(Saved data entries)
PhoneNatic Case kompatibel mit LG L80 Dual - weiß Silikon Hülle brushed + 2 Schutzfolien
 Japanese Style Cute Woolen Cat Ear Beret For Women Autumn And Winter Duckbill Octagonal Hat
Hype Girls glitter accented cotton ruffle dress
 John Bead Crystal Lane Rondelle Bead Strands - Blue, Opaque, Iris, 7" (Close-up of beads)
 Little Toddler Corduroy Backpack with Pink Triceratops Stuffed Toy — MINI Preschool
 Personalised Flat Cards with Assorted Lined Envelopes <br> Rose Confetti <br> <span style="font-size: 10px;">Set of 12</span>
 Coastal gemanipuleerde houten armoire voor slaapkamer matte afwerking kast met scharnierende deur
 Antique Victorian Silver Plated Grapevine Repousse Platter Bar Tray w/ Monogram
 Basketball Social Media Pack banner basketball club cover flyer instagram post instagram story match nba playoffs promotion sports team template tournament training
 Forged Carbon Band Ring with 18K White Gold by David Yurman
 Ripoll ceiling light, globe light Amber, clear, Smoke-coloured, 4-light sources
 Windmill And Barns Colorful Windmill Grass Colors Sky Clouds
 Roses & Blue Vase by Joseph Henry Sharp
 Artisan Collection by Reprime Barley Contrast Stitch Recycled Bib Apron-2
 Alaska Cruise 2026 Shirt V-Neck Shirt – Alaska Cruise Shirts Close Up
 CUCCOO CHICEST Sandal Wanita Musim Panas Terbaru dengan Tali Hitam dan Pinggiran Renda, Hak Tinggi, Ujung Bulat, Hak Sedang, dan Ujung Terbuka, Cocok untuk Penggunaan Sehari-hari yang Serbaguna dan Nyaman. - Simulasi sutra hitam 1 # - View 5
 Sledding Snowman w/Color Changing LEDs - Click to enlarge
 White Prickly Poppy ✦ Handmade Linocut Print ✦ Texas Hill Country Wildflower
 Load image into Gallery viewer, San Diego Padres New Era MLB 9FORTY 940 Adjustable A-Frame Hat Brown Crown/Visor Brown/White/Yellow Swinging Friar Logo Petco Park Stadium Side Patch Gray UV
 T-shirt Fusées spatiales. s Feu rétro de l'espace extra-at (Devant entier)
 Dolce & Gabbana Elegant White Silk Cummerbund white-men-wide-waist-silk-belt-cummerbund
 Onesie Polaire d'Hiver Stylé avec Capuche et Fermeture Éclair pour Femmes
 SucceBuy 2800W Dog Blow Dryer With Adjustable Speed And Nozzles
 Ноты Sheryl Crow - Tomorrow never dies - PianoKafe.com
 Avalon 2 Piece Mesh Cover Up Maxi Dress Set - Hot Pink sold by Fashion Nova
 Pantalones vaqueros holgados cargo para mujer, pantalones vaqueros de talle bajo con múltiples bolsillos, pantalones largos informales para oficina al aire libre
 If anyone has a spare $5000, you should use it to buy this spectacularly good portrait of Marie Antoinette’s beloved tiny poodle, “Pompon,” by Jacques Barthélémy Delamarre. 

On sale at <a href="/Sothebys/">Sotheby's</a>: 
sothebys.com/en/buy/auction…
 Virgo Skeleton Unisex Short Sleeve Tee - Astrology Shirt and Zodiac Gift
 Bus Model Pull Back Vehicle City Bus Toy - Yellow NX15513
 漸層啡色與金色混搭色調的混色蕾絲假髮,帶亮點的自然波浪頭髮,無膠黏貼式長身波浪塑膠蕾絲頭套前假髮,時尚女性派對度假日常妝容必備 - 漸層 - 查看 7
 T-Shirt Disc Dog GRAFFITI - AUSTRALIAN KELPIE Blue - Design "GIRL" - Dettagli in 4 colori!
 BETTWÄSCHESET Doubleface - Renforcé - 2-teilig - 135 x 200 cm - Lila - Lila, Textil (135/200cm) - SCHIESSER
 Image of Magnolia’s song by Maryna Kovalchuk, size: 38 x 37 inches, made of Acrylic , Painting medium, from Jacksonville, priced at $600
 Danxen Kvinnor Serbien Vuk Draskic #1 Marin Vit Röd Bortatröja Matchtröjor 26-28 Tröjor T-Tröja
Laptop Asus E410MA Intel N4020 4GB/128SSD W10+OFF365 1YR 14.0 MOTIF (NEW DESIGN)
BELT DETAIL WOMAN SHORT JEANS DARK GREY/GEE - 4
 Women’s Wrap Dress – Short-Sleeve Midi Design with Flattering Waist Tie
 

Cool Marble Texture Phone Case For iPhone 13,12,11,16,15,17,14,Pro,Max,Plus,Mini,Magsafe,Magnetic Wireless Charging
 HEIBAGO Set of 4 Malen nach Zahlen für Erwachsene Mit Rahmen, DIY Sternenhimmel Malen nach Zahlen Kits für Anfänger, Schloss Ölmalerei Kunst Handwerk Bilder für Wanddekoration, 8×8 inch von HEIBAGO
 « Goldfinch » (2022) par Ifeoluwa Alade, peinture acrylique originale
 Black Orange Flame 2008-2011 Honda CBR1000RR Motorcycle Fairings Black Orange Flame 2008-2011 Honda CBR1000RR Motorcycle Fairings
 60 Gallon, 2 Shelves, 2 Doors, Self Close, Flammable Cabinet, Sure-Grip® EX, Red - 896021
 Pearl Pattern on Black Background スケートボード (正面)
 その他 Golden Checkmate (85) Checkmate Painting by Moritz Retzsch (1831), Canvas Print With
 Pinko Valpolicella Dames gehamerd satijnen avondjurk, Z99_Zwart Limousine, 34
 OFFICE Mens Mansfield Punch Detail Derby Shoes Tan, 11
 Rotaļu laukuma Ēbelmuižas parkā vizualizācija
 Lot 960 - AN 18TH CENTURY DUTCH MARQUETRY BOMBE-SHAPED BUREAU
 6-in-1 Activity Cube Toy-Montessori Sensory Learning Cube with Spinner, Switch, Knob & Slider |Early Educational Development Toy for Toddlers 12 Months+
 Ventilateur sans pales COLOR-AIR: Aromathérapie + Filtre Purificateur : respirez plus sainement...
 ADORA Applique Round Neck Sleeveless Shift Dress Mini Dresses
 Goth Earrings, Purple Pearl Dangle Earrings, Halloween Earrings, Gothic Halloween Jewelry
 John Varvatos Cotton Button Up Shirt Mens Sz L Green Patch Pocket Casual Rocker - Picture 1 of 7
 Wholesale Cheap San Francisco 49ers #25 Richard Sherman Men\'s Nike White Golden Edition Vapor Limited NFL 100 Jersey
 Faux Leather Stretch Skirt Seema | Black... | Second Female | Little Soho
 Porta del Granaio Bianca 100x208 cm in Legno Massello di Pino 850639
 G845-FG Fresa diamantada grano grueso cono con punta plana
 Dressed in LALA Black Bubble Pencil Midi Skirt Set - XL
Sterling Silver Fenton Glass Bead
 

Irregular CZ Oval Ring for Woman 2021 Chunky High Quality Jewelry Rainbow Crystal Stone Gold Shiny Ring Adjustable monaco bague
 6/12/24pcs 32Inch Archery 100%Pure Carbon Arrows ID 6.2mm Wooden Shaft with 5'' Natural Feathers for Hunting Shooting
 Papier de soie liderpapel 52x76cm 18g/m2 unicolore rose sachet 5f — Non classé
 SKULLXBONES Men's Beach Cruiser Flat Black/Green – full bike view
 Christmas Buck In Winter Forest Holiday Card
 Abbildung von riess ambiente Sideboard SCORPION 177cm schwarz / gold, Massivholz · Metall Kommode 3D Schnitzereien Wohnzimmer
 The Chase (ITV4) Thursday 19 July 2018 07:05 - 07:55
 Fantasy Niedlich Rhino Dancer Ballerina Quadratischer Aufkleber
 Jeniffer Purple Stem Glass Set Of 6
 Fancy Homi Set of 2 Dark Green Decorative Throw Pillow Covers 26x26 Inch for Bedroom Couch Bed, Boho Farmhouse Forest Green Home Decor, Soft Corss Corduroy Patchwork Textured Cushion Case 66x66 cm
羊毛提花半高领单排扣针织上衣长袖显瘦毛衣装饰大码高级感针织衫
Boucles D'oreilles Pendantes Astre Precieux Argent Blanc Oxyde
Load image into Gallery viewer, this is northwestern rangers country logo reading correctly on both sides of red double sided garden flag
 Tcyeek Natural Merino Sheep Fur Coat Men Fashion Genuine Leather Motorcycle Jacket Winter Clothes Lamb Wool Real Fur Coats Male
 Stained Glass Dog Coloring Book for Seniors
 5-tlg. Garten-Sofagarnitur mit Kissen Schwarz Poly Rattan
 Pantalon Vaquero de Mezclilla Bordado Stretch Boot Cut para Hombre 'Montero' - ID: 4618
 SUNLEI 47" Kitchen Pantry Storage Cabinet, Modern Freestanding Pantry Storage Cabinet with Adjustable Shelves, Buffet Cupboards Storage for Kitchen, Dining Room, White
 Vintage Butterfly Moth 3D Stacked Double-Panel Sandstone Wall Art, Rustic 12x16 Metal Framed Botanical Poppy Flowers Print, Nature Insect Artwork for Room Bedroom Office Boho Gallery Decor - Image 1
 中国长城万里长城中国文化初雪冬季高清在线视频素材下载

Required work. Every line above in which the word "Green" occurs is to be copied.

Written solution.
 John Varvatos Cotton Button Up Shirt Mens Sz L Green Patch Pocket Casual Rocker - Picture 1 of 7
 SKULLXBONES Men's Beach Cruiser Flat Black/Green – full bike view
 Fancy Homi Set of 2 Dark Green Decorative Throw Pillow Covers 26x26 Inch for Bedroom Couch Bed, Boho Farmhouse Forest Green Home Decor, Soft Corss Corduroy Patchwork Textured Cushion Case 66x66 cm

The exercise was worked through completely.